Today was my first day back in my classroom since hearing about the Newtown, CT tragedy last week.
It was a troubling day for many reasons. Some of my students mentioned it. Little kids got shot, Mrs. Tirrito. I know.
Children hugged me in the hallway today…children I don’t know yet.
A couple of my teaching friends are overwhelmed and one said, “I’ve taught all these years and did not realize the full extent of my responsibility until last Friday.”
Where would we put our kids? There are no closets, no places to hide.
We are sick at heart for many reasons.
The most obvious of course: young lives lost.
This is one of those times in life when you become aware…painfully aware, of the truths about life.
The initial news came across my phone Friday as I looked around a graduation stadium in Lubbock, TX.
Thousands of people were there, like me, to celebrate.
Do they know our world just changed?
We bowed our heads in prayer there, and the next day at a different graduation ceremony, in Waco.
Moments of silence.
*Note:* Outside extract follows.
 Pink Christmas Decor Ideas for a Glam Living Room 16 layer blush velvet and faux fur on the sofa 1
Prayers for a nation.
My children escaped this nightmare. They did not face a gunman in their classroom at age six. Will their children? Will they, should they choose to teach? Will I?
I see a small child a few seats ahead of me. He’s dressed in suit and tie. He might be four. I want to grab him, hug him, tell him to be safe, to be careful, to live.
My eyes fill with tears.
A classroom filled with children like him is gone. Gone.
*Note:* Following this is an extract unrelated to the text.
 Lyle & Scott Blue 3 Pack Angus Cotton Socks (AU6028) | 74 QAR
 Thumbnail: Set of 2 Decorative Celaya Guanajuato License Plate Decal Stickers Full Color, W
I think of my colleague, Paula, a kindergarten teacher. She messages me throughout the day. Sick at heart. We grieve for children we’ve never known.
Yet we know them all. Another truth.
There are people all around, laughing, cheering. A thousand plus miles away, a town grieves. But the truth is, those people have celebrations too.
There are weddings. Graduations. Births. Parties.
And that is another truth that is so hard to take. In the midst of every trial, someone rejoices. It seems unfair.
But the truth is life does indeed go on.
Babies die, hearts break, shots are fired.
And still we eat, mark off our to do lists, go about our lives.
Another truth: teachers are alone.
I’ve said it for years: this is a profession of isolation in many ways. There is one teacher in a classroom, and she must make decisions based on student response every minute of every day.
There is no time in the school day for collaboration. That’s for meetings, staff development. The real
life teaching, though, is done behind closed doors when the teacher makes decisions that aren’t “in the book.”
In the real day of teaching, the teacher is alone. She is on her own to make decisions. She doesn’t look at pamphlets and emails and shelter in place protocols when the danger happens. She acts and she knows she will have to act alone. There will be no help coming. Not in time.
That truth is hard to take, but it is the reality and every educator knows it.
In the weeks to come, districts will send out reminders. There will be emails and meetings and an effort to correct some lapses in security at every school in this nation.
The truth? Teachers will read the memo.
And they’ll know it is just words on a page.
When the real trial comes, they’ll do everything that’s not on that list.
They know the truths about children and safety and vulnerability and now the nation knows it too.